Lift out, unaltered, the lines of the material below between the line holding "I measured water" and the line holding "This is Heather", counting both.

- _GIVEN DATA_
....................
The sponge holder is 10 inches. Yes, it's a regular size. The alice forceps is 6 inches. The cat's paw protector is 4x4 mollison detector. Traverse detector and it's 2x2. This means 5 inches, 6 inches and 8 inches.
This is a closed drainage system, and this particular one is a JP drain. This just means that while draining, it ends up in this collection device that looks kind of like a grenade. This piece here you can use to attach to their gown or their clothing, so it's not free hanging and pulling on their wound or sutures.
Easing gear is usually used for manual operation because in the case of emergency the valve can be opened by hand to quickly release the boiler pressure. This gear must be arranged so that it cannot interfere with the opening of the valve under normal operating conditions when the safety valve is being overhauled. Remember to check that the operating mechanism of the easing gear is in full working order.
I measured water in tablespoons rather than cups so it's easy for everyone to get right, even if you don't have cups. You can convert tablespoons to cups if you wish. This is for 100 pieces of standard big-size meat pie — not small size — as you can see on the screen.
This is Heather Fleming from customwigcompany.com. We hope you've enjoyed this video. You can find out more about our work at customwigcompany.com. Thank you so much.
....................
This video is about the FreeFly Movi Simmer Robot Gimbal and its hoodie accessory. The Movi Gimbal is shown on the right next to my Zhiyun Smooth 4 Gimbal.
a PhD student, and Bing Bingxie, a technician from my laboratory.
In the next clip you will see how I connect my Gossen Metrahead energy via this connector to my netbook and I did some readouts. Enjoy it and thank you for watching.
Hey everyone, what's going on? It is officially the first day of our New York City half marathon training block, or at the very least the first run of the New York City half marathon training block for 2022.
....................
- _RESPONSE_
I measured water in tablespoons rather than cups so it's easy for everyone to get right, even if you don't have cups. You can convert tablespoons to cups if you wish. This is for 100 pieces of standard big-size meat pie — not small size — as you can see on the screen.
This is Heather Fleming from customwigcompany.com. We hope you've enjoyed this video. You can find out more about our work at customwigcompany.com. Thank you so much.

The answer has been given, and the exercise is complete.